Shares of Palantir (NYSE: PLTR) rocketed 15.1% higher this week through Thursday trading, according to data from S&P Global Market Intelligence.
Palantir shot up Monday on news the stock would be added to the prestigious S&P 500 index. In addition, the company announced a five-year extension with oil and gas giant BP and hosted its fifth AIPCon, showing off the company’s AI platform.
A big achievement
The S&P 500 only admits certain companies that meet several criteria, including positive earnings over the past four quarters, a market cap that’s greater than $8.2 billion, and a decently liquid stock.
It’s a prestigious honor for Palantir, and now means investors in S&P 500 index funds will be forced to purchase its shares. That’s potentially good news for shareholders, as the three S&P 500 index funds from State Street, Vanguard, and Blackrock are the largest exchange-traded funds in the world. The bulk of Palantir’s gains came on Monday after the news was announced Friday.
Palantir also announced a five-year extension of its current engagement with BP this week. BP had already been a customer since 2014, using Palantir’s “digital twin” simulation for its oil and gas operations. Now with Palantir’s year-old AIP platform, BP will incorporate large language models (LLMs) into its workflows for better decision-making.

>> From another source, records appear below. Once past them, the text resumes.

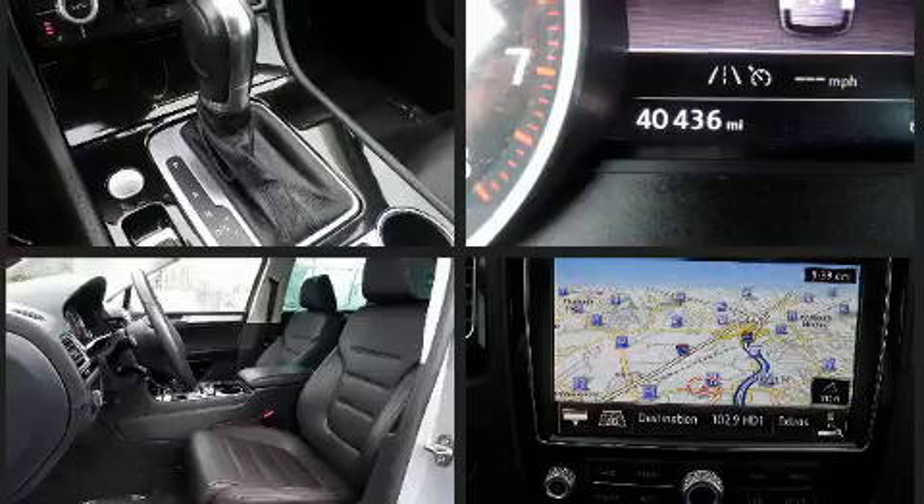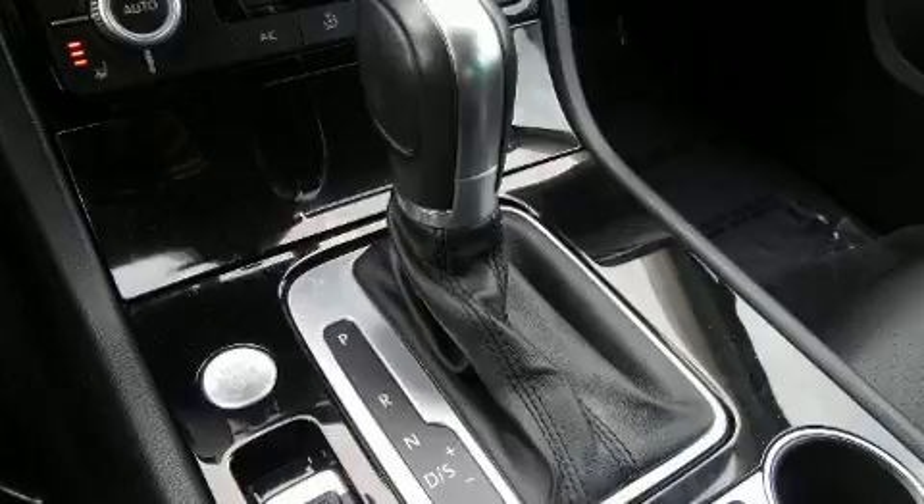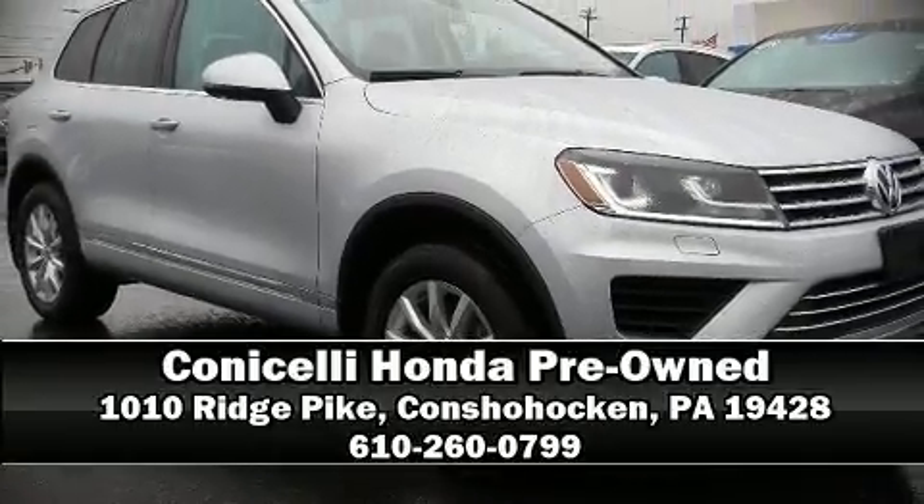It also arrives with a Carfax history report indicating just one previous owner. Please don't hesitate to give us a call. Thank you.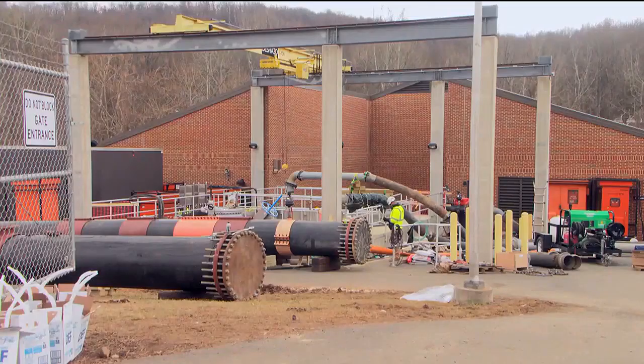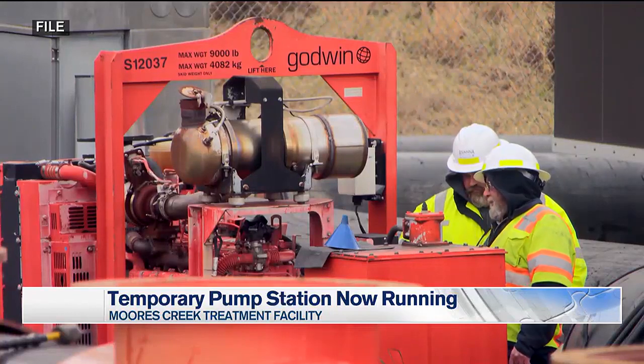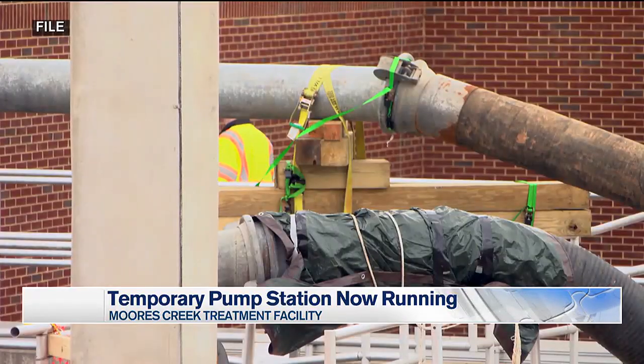Thank you so much, Maggie. A temporary pumping and piping system is now up and running at the RWSA's Morse Creek facility. The main pump station failed during all that rain on January 9th. The new system bypasses the damage to treat our water.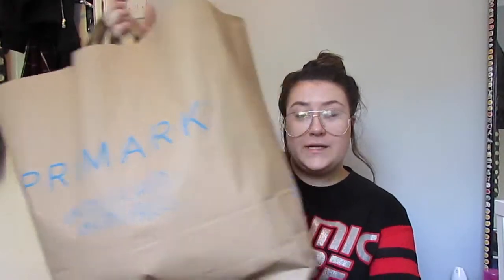Hi guys, welcome back to my YouTube channel! Today I'm going to be filming a huge Primark haul. As you can see I've got a massive bag — I went shopping and yeah, I thought I'd show you what I bought because they have a lot of new autumn/winter stuff in there.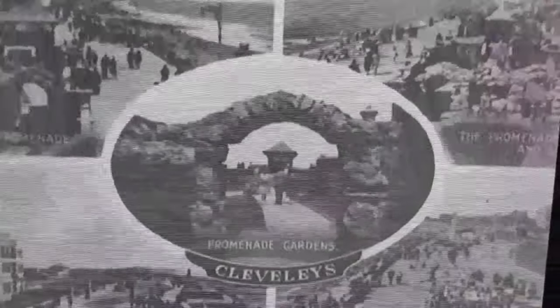This popular town, like many other places, grew slowly over time. Let's have a look back into the history of Cleveleys.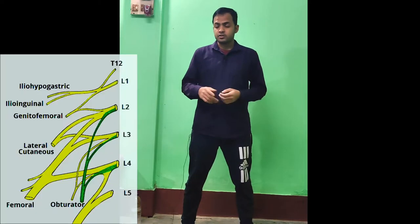Hello everyone, welcome to the channel. In my previous video I talked about nerve supply of the neck, upper limb, chest, abdomen and back. If you have not seen that video, click on the link and watch it. Today I will talk about the nerves coming out from the lumbar plexus, so pay attention.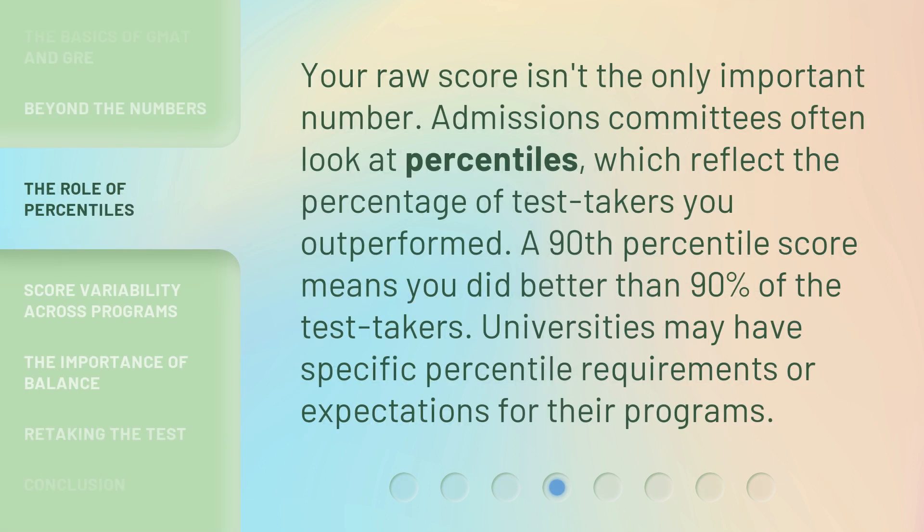Your raw score isn't the only important number. Admissions committees often look at percentiles, which reflect the percentage of test takers you outperformed. A 90th percentile score means you did better than 90 percent of the test takers. Universities may have specific percentile requirements or expectations for their programs.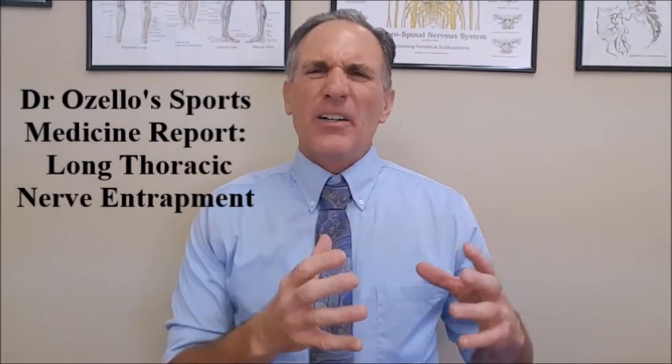Symptoms of a long thoracic nerve entrapment include pain in the neck, shoulder, and scapula area, which can be very vague in its location. There is obvious weakness in the serratus anterior muscle, and any movement that causes traction on the nerve increases symptoms. There may also be weakness in shoulder flexion — the motion of bringing the arm forward and raising it. Additionally, there may be winging of the scapula, particularly at the inferior medial border, which is a sign of something going on with the serratus anterior muscle and may indicate entrapment or neuropathy of the long thoracic nerve.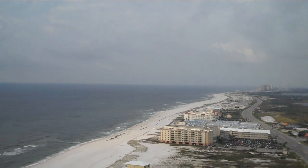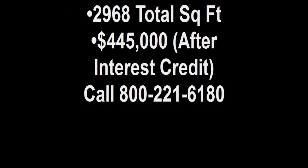See, that's not a bad thing. Give us a call at 1-800-221-6180, or go onto our website at www.brettrobinson.com. We'll see you soon. Thank you.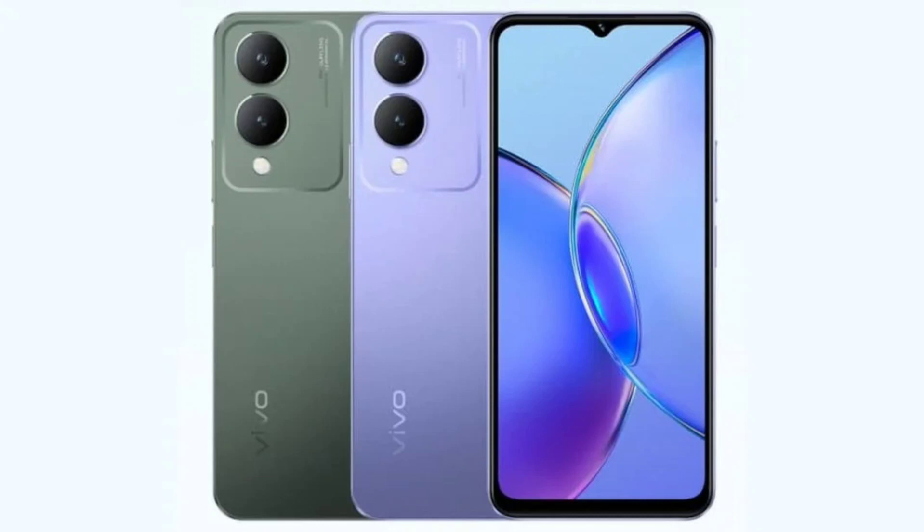The Vivo Y17s has landed in Singapore with a price tag of $199 Singapore dollars, approximately $146 USD. It comes in two shades: glitter purple and forest green. In the coming days, the Y17s is expected to debut in other Asian markets.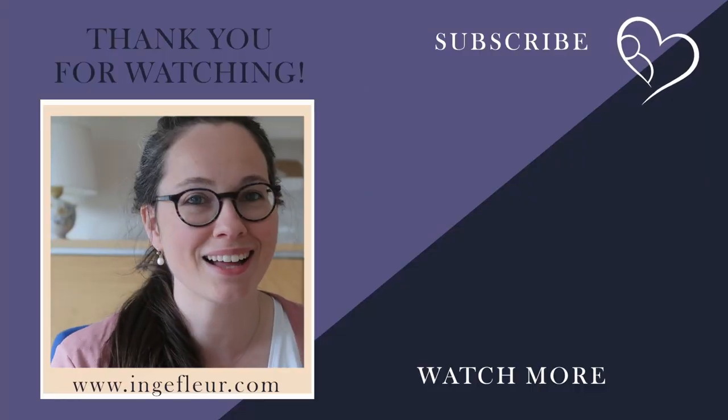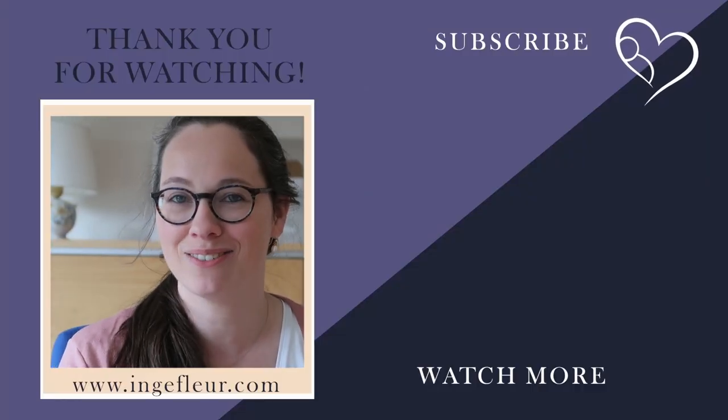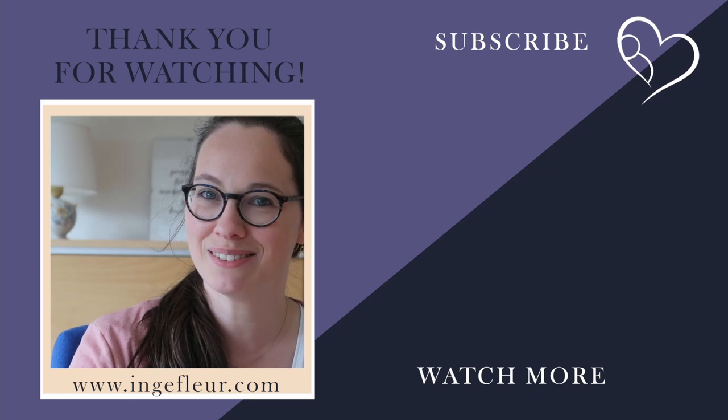And if you aren't sure how long your luteal phase is, then make sure to start charting. You can learn how to do this completely for free with my basics to fertility charting course. And if you want to learn how you can boost your progesterone naturally, make sure to click on the playlist on your screen right now. See you in the next video. Bye.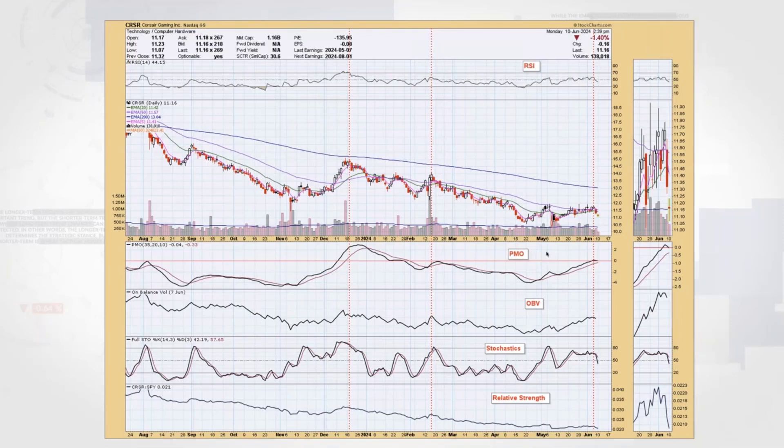Then there is the PMO — as I said, the PPO works pretty well as a substitute. We also have On-Balance Volume. The beauty of OBV is how simple it is: it takes the day's volume, subtracts it from the OBV line if it's a down day, and adds it if it's an up day. It gives you a really good sense of volume trends. Price should always follow volume — if price is not following volume, there's a problem. That's why we look for those negative divergences and reverse divergences.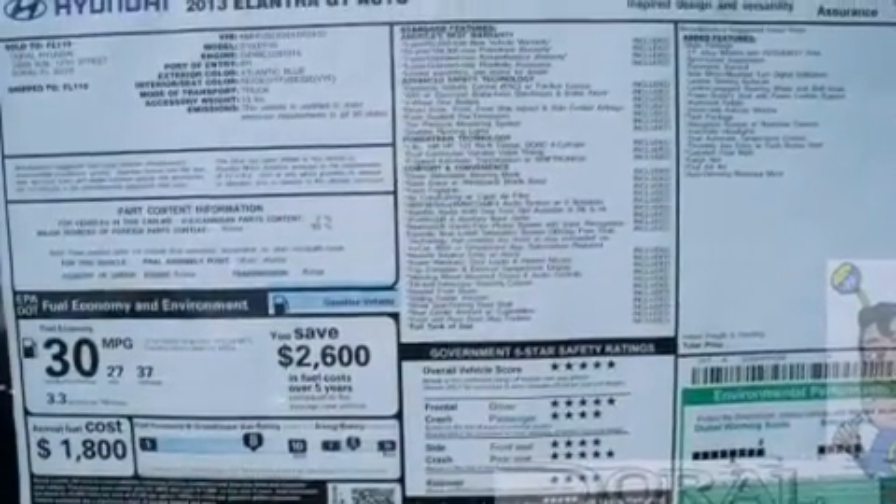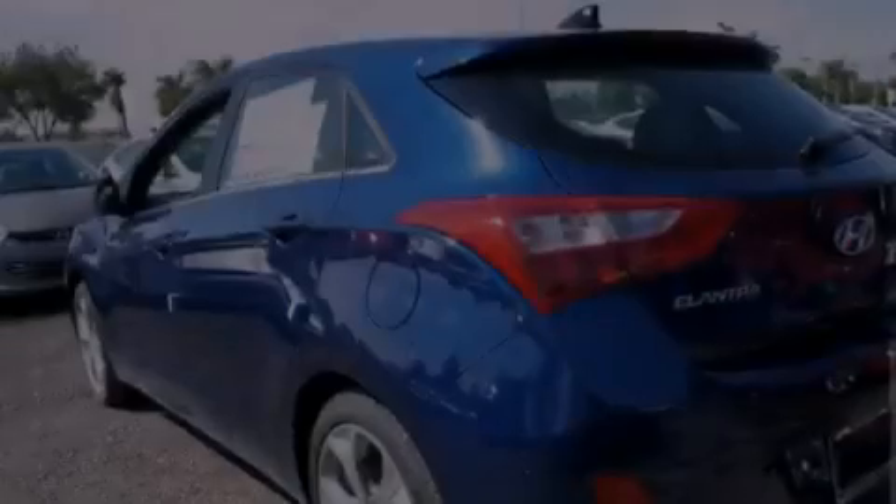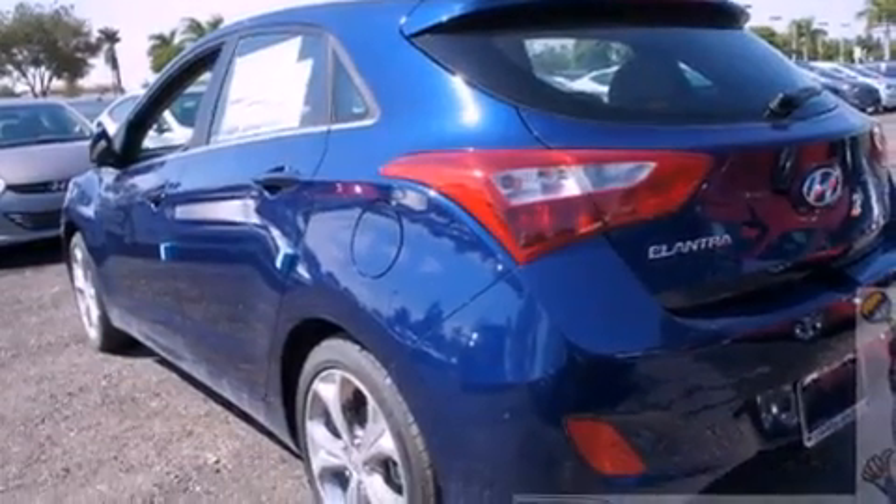All of the following features are included: Bluetooth cell phone integration, alloy wheels, traction control and stability control systems, a 6 speaker audio system, a passenger side vanity mirror, and a security system.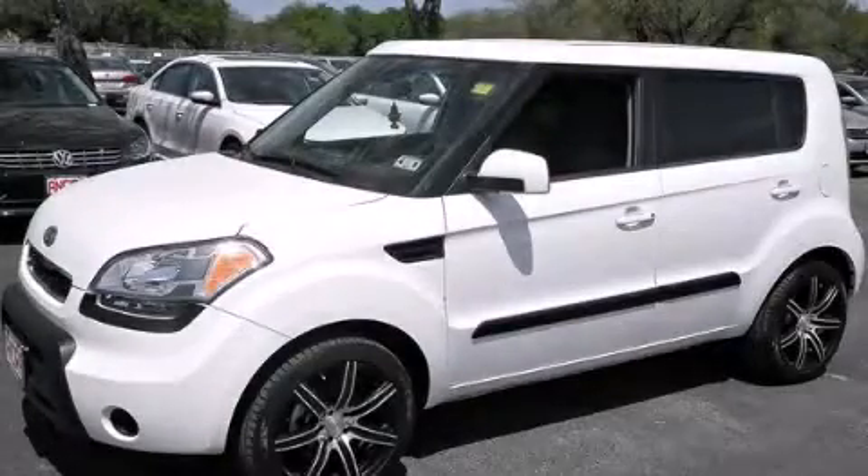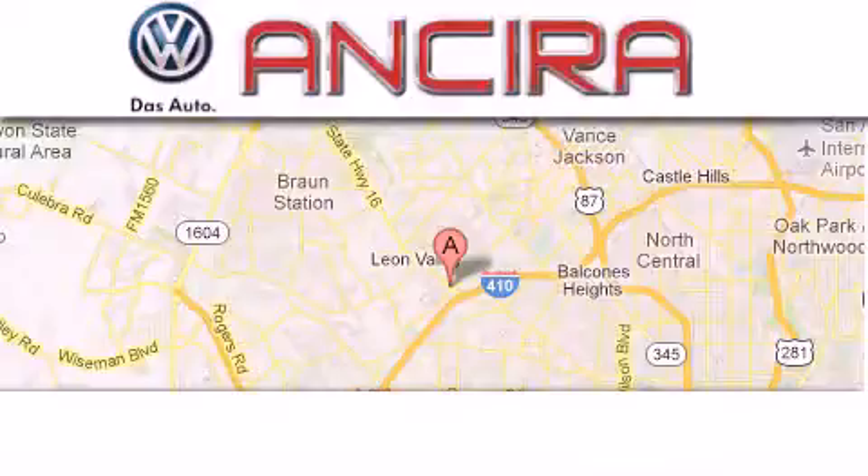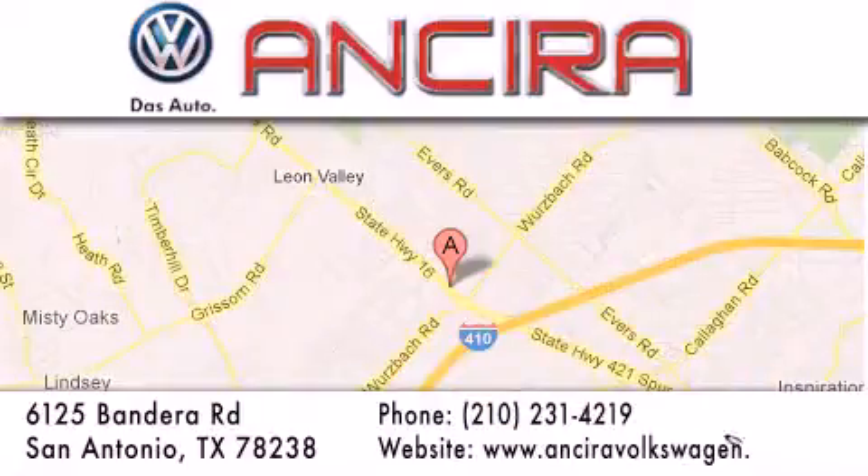Contact us today to arrange your test drive. Ansira Volkswagen is conveniently located at 6125 Bandera Road, just outside Loop 410. Come by and experience the Ansira Volkswagen difference today.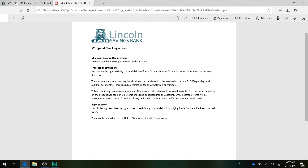There is no minimum balance required to open. They reserve the right to delay availability of funds for any deposits for a period of time determined at their sole discretion — a little worrisome. The maximum amount that may be withdrawn or transferred to external accounts is $10,000 per day and $50,000 per month. There is a $1 minimum for all withdrawals or transfers. Also, this account only receives e-statements and electronic transactions only — no checks can be written on or deposited into the account.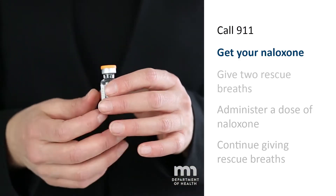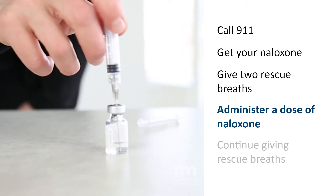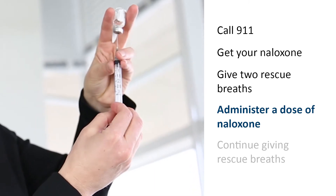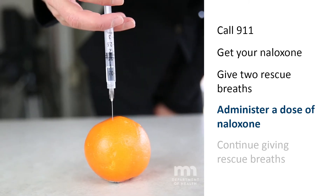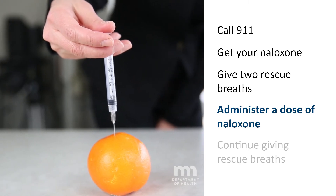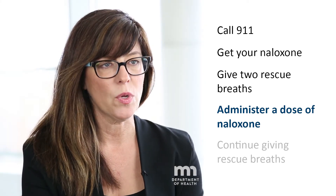The next step is to get your naloxone. Once you have it, immediately give two rescue breaths, then administer the naloxone. It doesn't matter if you have the intramuscular naloxone, the nasal naloxone, or the auto-injector — they are all the same, just a different way of administering it, but they all work equally well.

Speaking of AIP, which is Palantir’s AI-powered software that harnesses LLMs for tangible business outcomes, Palantir held its fifth AIPCon on Thursday. AIPCon saw over 100 commercial AIP customers attend, with a handful giving presentations as to how these organizations are benefiting from AIP.
Palantir is firing on all cylinders, but priced for it
The S&P 500 inclusion is a testament to Palantir’s recent success. However, is the stock a buy now?
Palantir now trades at over 33 times sales and 82 times its estimated earnings for next year. So, while the company is seeing an AI-powered acceleration, there isn’t much margin of safety in buying the stock at these prices.